A New York Times writer has been given the privilege of testing Valve’s protoype gaming goggles.

"Every way I look, the scene shifts, the battle unfolds," explained reporter Stuart Isett. "I have a crazy contraption strapped to my head: a boxy set of goggles that looks like a 22nd-century version of a View-Master. It immerses me in a virtual world. I whirl one way and see zombies preparing to snack on my flesh. I turn another and wonder what fresh hell awaits."

A photo showing Isett in the goggles reveals their currently massive size and impractical wires. It’s worth noticing that the goggles also include a camera, meaning Valve’s not just planning for virtual reality, but augmented applications too.

"The goggles I'm wearing - reminiscent of the ones Google recently unveiled to much hoopla - could unlock new game-playing opportunities," said Isett. "This technology could let players lose themselves inside a virtual reality and, eventually, blend games with their views of the physical world."

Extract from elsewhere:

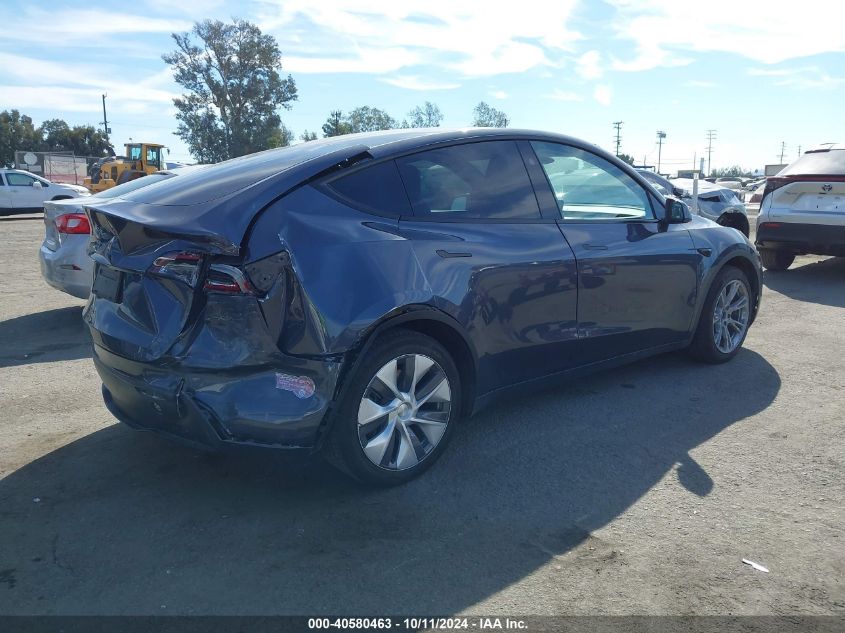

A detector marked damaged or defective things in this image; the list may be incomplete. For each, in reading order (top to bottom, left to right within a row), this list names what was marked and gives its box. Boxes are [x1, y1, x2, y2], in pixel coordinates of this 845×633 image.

damaged rear bumper [92, 344, 340, 452]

The story didn’t detail the goggles much more, but Isett did talk with Michael Abrash, the man behind the project who said that “credible” augmented reality games are likely to be three to five years away.

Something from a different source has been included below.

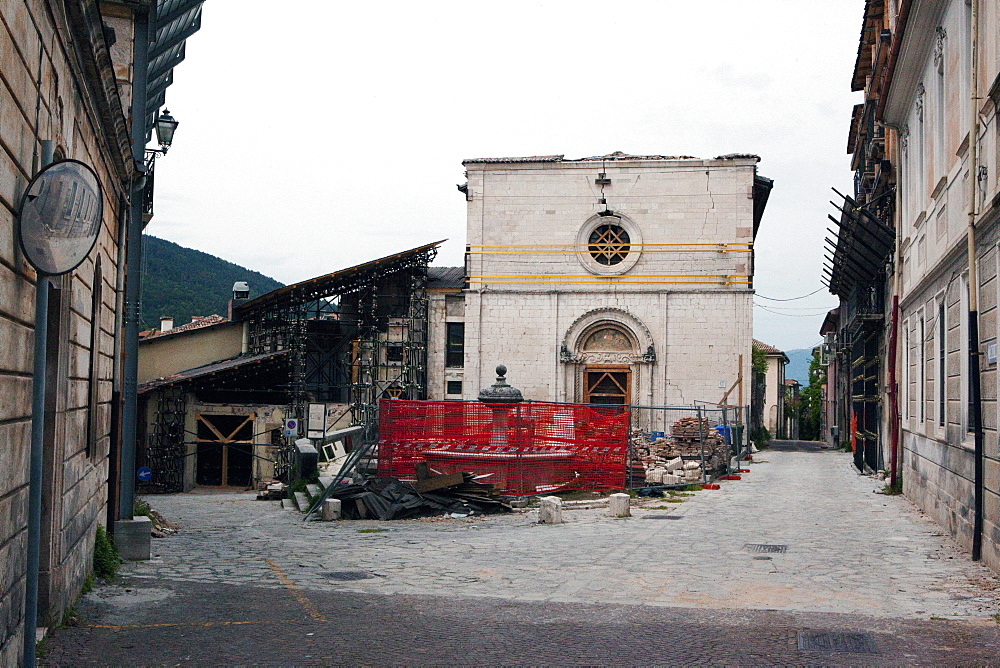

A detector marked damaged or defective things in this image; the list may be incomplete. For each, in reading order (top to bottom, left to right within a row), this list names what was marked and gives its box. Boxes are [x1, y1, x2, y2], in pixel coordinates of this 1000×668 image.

Valve’s plan thus far, according to Abrash, is to share its designs freely with other companies for them to manufacture themselves.

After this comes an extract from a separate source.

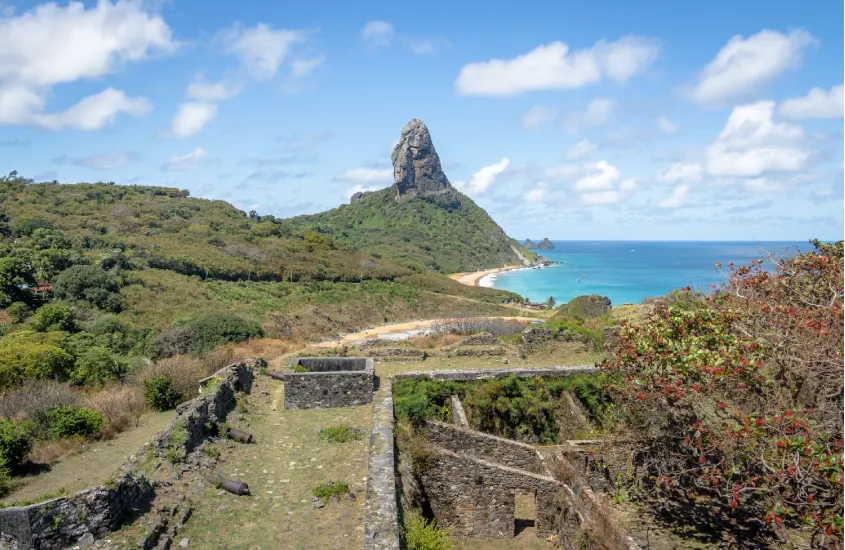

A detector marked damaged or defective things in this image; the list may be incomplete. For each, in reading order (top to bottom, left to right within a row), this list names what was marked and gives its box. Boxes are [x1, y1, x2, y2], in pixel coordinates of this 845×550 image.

rusty cannon barrel [224, 430, 254, 446]
rusty cannon barrel [205, 472, 251, 498]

"Gabe has a saying, which is, 'We will do what we need to do,'" Abrash said. "We don't particularly want to be a company that makes hardware in large quantities. It's not what we do."

Much of the article explains the incredibly relaxed attitude to staff structure employed by Valve.

There’s been much speculation surrounding Valve and hardware of late, in fact just last week the rumor mill kicked into overdrive when a job was posted on Valve’s site with the title “Industrial Designer”. The job description explained “Valve was “frustrated by the lack of innovation in the computer hardware space though, so we're jumping in.”